• _Data block_
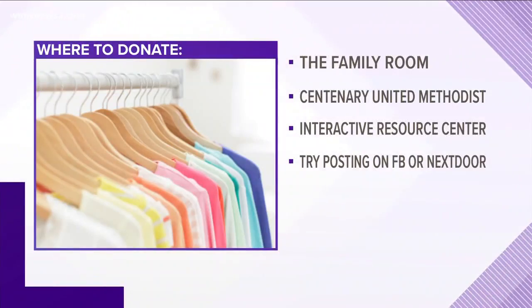This is what I'm going to tell you. You can try the Family Room that's on Stanley Road — they give clothes and other things to families of foster care kids. The Centenary United Methodist Church on Friendly and Elam collects things. The Interactive Resource Center on East Washington Street is specifically looking for coats, hats, and gloves.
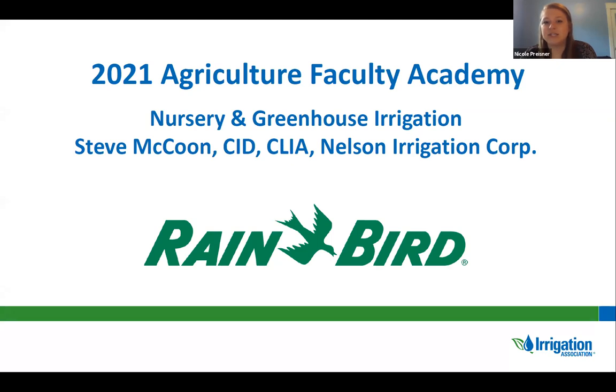Welcome everyone, and thanks for tuning in to our second session of our second day of the 2021 Agricultural Faculty Academy webinar series. You are tuned in to the nursery and greenhouse irrigation webinar. We'd like to take a quick moment to thank our sponsor Rain Bird for helping make this event possible.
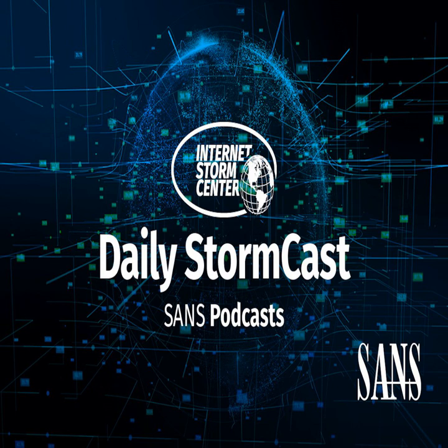Hello and welcome to the Wednesday, November 15th, 2023 edition of the SANS Internet Storm Center's Stormcast. My name is Johannes Ulrich and today I'm recording from Jacksonville, Florida. It's Microsoft Patch Tuesday, so let's dive right in.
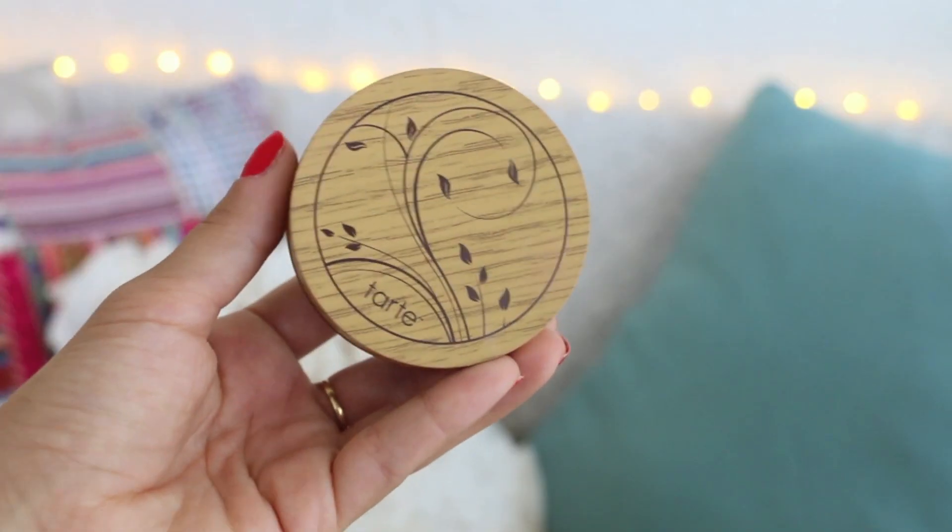This is the Tarte Amazonian Clay Foundation, which I know everyone's talking about right now. This is in Light to Medium Neutral, which is the color I use. I'm very impressed, especially by the packaging — it has a little net that grabs your foundation so it doesn't get all over the place, which is really neat. I wouldn't say I like this more than the Hello Flawless powder from Benefit, but I've been grabbing this the most this month and have been extremely impressed by it.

• _What the exercise asks_
Please take the lines from the beginning of the data above through the line holding "Welcome everyone, and" and transcribe them exactly, without any pictures.

• _Answer to the exercise_
This is what I'm going to tell you. You can try the Family Room that's on Stanley Road — they give clothes and other things to families of foster care kids. The Centenary United Methodist Church on Friendly and Elam collects things. The Interactive Resource Center on East Washington Street is specifically looking for coats, hats, and gloves.
Welcome everyone, and thanks for tuning in to our second session of our second day of the 2021 Agricultural Faculty Academy webinar series. You are tuned in to the nursery and greenhouse irrigation webinar. We'd like to take a quick moment to thank our sponsor Rain Bird for helping make this event possible.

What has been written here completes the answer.